Preface de la partition de "Sports et divertissements" (Gallica / BNF)
L’œuvre dénonce, avec une ironie savamment distillée au fil des pièces, la futilité des préoccupations de la société bourgeoise de la Belle Époque. Les "saynètes" se terminent d'ailleurs souvent plutôt mal pour les protagonistes : une passagère d’un bateau apeurée par une mer démontée (Le Yachting), un déjeuner sur l’herbe gâché par un violent orage (Le Pique-nique), des nausées incontrôlables sur un manège à sensation (Water-chute).
Audio : Erik Satie : Sports et divertissements (1914)
Satie écrit avec des procédés chaque fois différents, et bien souvent non conventionnels. Si l'on a pu dire de lui qu'il était un cancre au Conservatoire, il a tout de même repris les études à la Schola Cantorum à l'âge de 40 ans, et il est absolument certain qu'en 1914 il maîtrise largement toutes les techniques d’écriture. Preuve en est, le Choral d'introduction de Sports et Divertissements, "amer", "austère et infrivole" (*) : à quatre voix, sobrement fait de blanches et de noires, divisé en périodes ponctuées de points d'orgue, et comprenant notes de passages et retards, jusqu'à la résolution finale en accord parfait comme l'eût fait Bach. Sauf que Satie, comme un pied-de-nez à l'enseignement qu'il a reçu et dont il sait se détacher, envoie valser les règles harmoniques du choral d'école au profit de sonorités étonnantes annonçant la couleur - ou plutôt les couleurs - du jazz, les accords complexes, renversés… et renversants !

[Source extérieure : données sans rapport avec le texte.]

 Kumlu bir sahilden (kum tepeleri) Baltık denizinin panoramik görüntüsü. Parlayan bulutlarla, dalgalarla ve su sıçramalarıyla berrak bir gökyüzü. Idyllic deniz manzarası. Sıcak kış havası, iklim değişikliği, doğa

Sports et Divertissements est un très bel exemple du goût de Satie pour la forme courte : la durée totale des vingt-et-une pièces ne dépasse pas les quinze minutes. Les motifs musicaux sont brefs et dépouillés, les énoncés littéraires tout autant minimalistes. Notons d'ailleurs, à propos de temps, qu'il n'y a pas de barres de mesure ici. Ce qui, tout bien réfléchi, n’étonnera guère. En effet, d’une part les mesures, divisions égales du temps musical, représentent un cadre dont se passe volontiers un anticonformiste comme lui (procédé récurrent depuis ses Ogives en 1887). D'autre part la mesure, c'est aussi la modération, or Satie a un tempérament plutôt excessif ! Pour autant, le langage est on ne peut plus clair, la pulsation et les figures rythmiques sont très précisément notées et de manière tout à fait classique, ce qui permet à l'interprète de se lancer sans trop de risques de contresens.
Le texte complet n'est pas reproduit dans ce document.